:: Source information ::
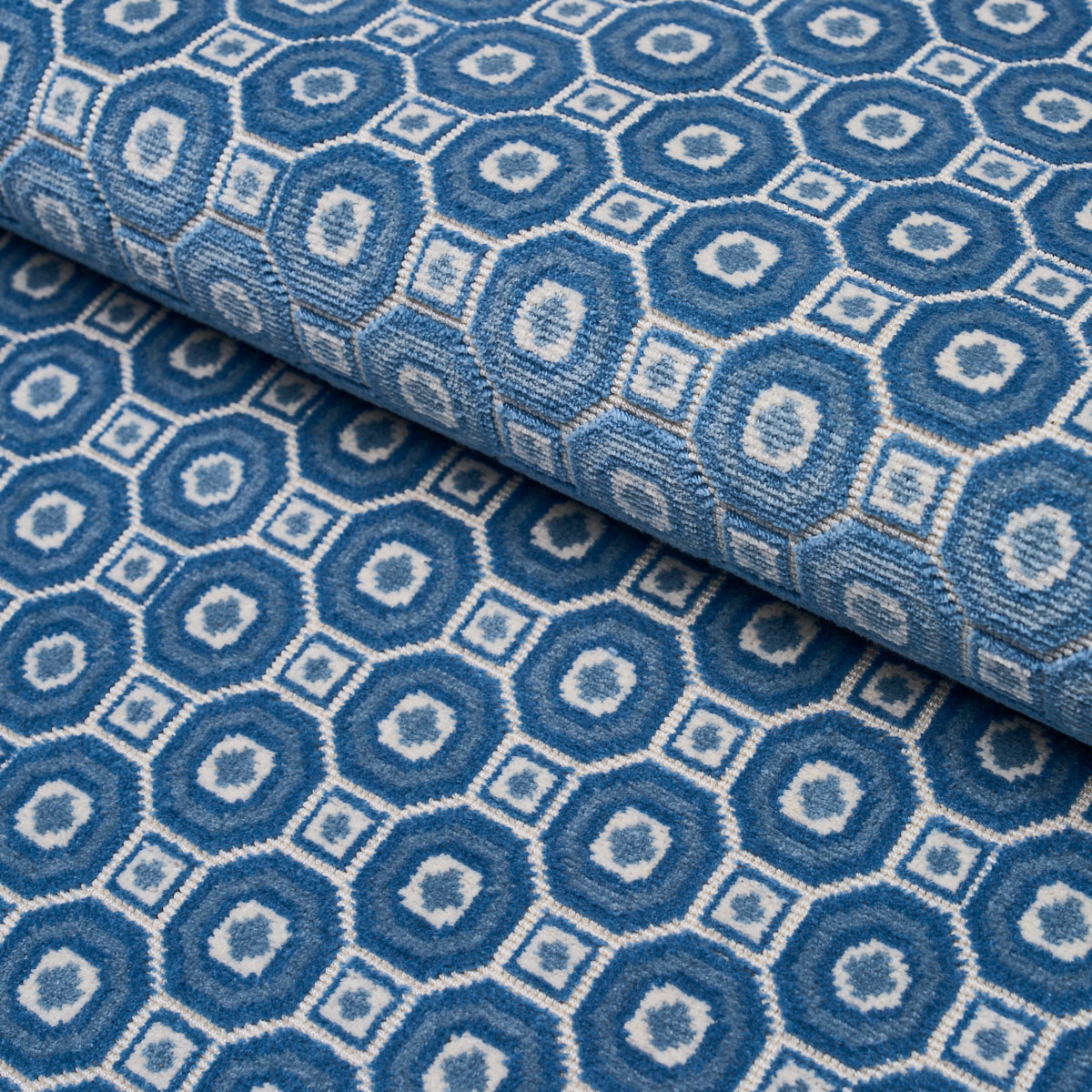 Trianon Cut Velvet fabric in azur color - pattern number 84892 - by Schumacher in the Timothy Corrigan collection
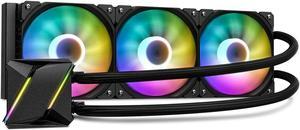 DARKROCK D-Series CPU Liquid Cooler with Radiator, Addressable RGB Lights, Pure Copper Pump, and AMD, AM5/ AM4, Intel LGA 1851/1700/1200 Brackets Ready - Black (D360)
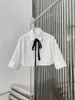 Women's Blouses Black Ribbon Tie Bow Taille Bare Short Mid-Sleeve White Shirt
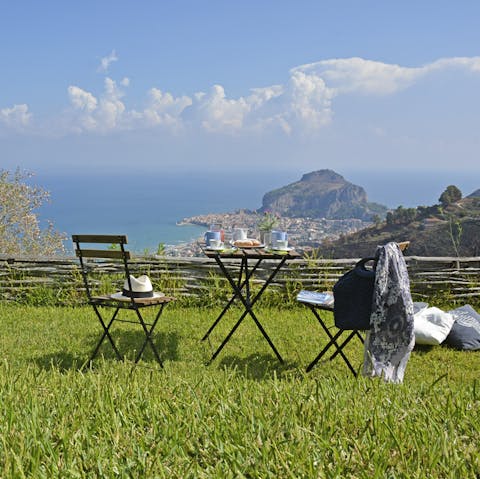 Find a peaceful spot to unwind in the terraced garden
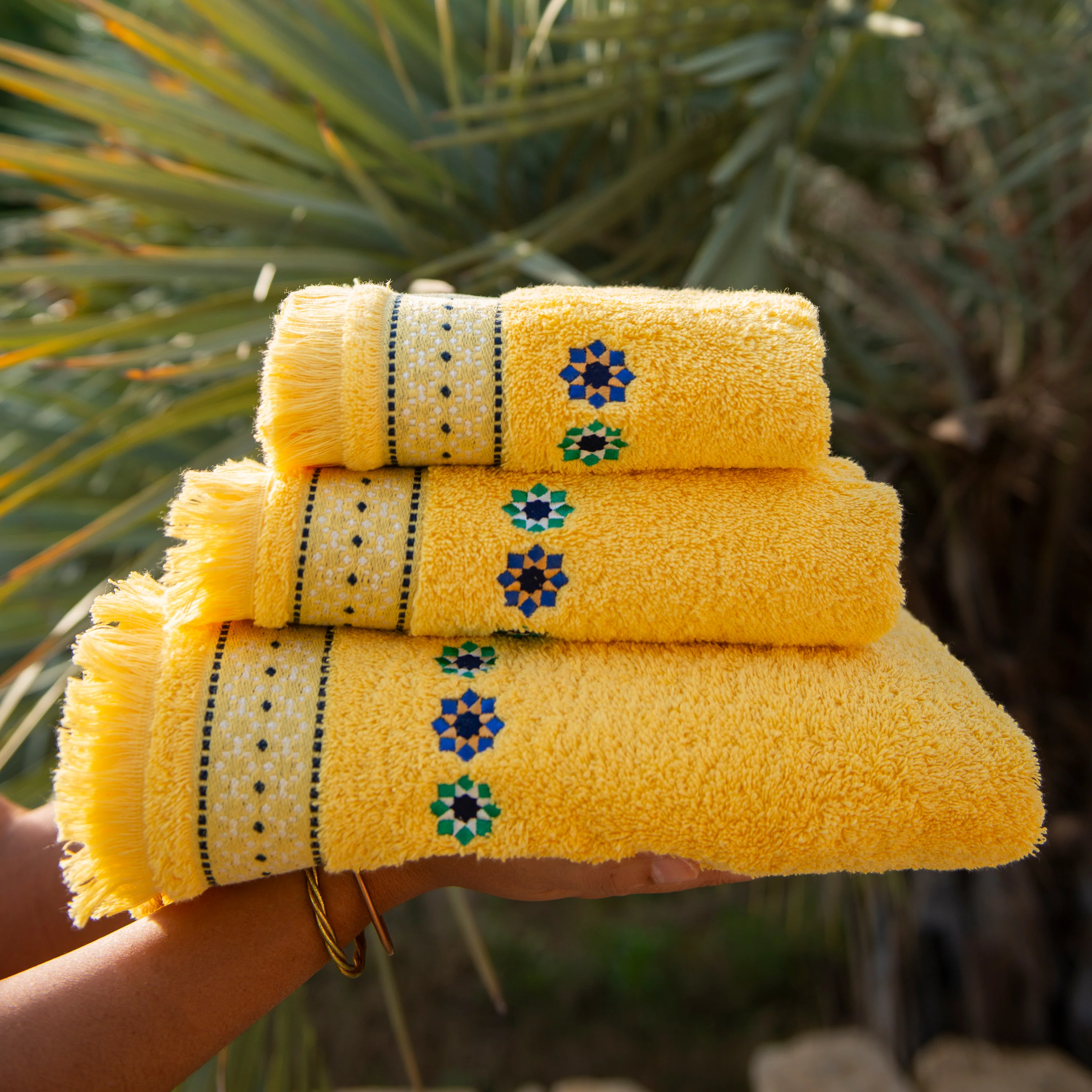 Jardin Cotton Bath Towel - Solar Yellow - Image 3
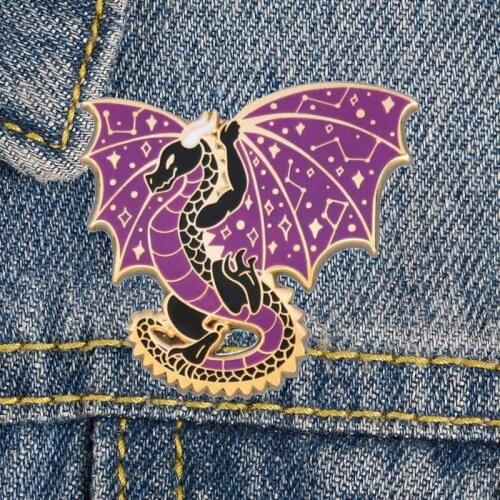 LT1147 Wyvern Purple Dragon Pins for backpacks Lapel Enamel Pins and Brooches Badge Bags backpacks Decoration Friend Kids Gifts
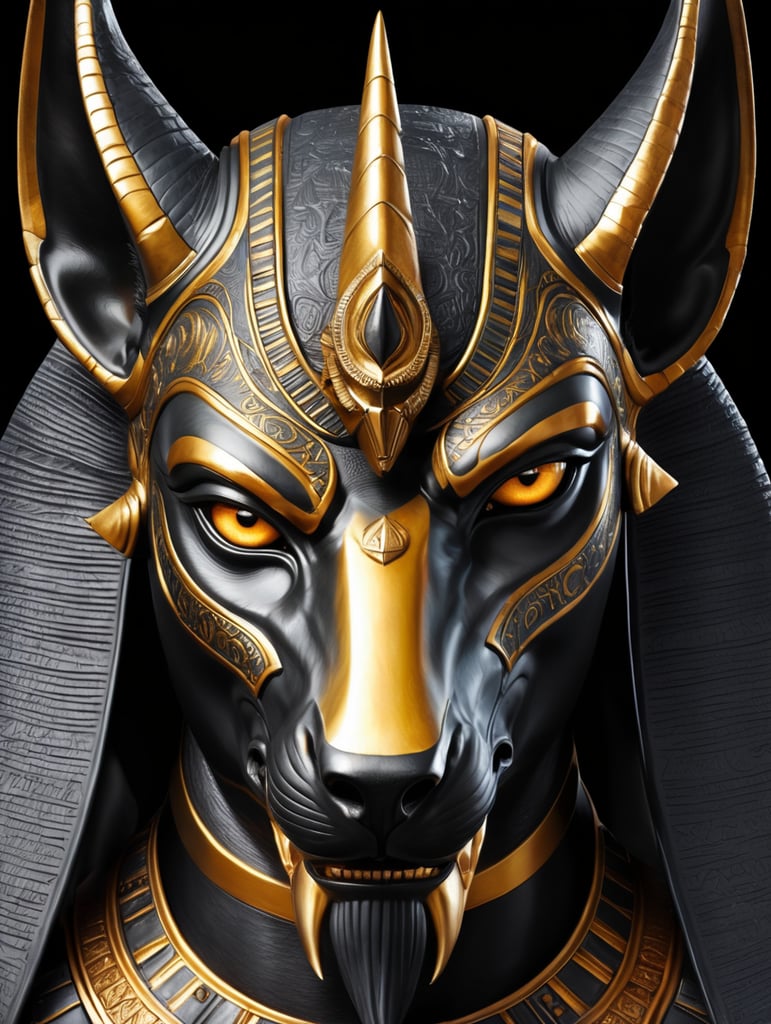 Egyptian god Anubis, portrait, hyper-realistic, dark style, focus on face, sharp on details, black background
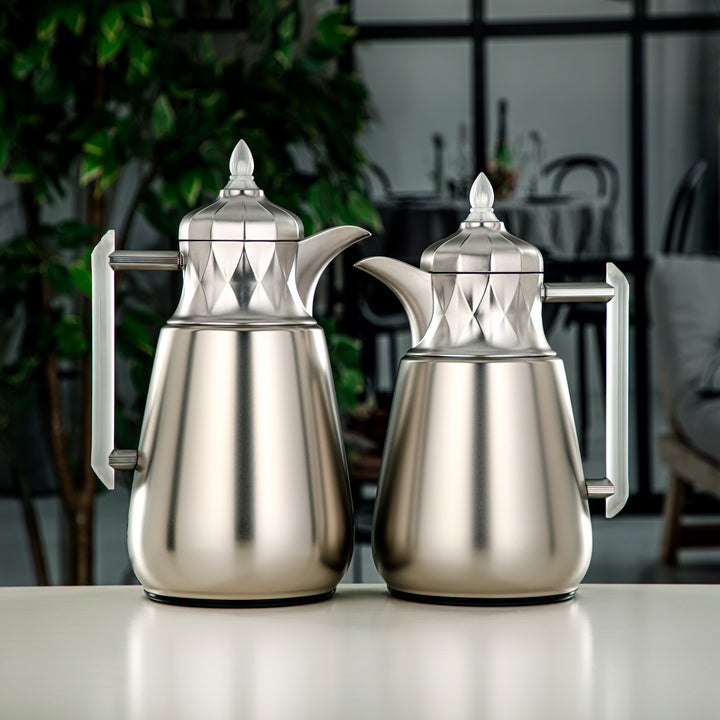 Almarjan 2 Pieces Vacuum Flask Set Matte Silver & Frost - FG805-070/100 MC/FA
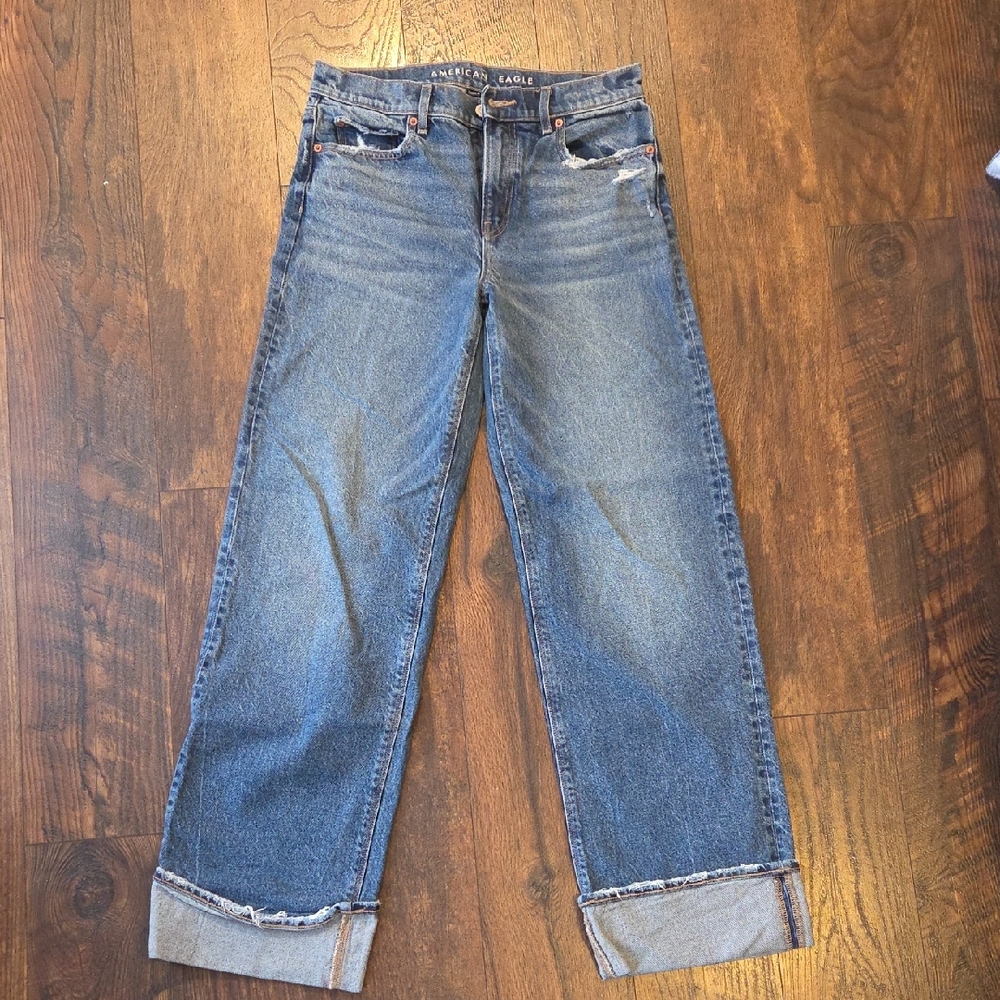 American Eagle Outfitters Medium Blue Cuffed Boyfriend Jeans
:::
> [Instructions to follow] In the copy, include every entry above exactly and leave out each picture.

> [Written response]
 Trianon Cut Velvet fabric in azur color - pattern number 84892 - by Schumacher in the Timothy Corrigan collection
 DARKROCK D-Series CPU Liquid Cooler with Radiator, Addressable RGB Lights, Pure Copper Pump, and AMD, AM5/ AM4, Intel LGA 1851/1700/1200 Brackets Ready - Black (D360)
 Women's Blouses Black Ribbon Tie Bow Taille Bare Short Mid-Sleeve White Shirt
 Find a peaceful spot to unwind in the terraced garden
 Jardin Cotton Bath Towel - Solar Yellow - Image 3
 LT1147 Wyvern Purple Dragon Pins for backpacks Lapel Enamel Pins and Brooches Badge Bags backpacks Decoration Friend Kids Gifts
 Egyptian god Anubis, portrait, hyper-realistic, dark style, focus on face, sharp on details, black background
 Almarjan 2 Pieces Vacuum Flask Set Matte Silver & Frost - FG805-070/100 MC/FA
 American Eagle Outfitters Medium Blue Cuffed Boyfriend Jeans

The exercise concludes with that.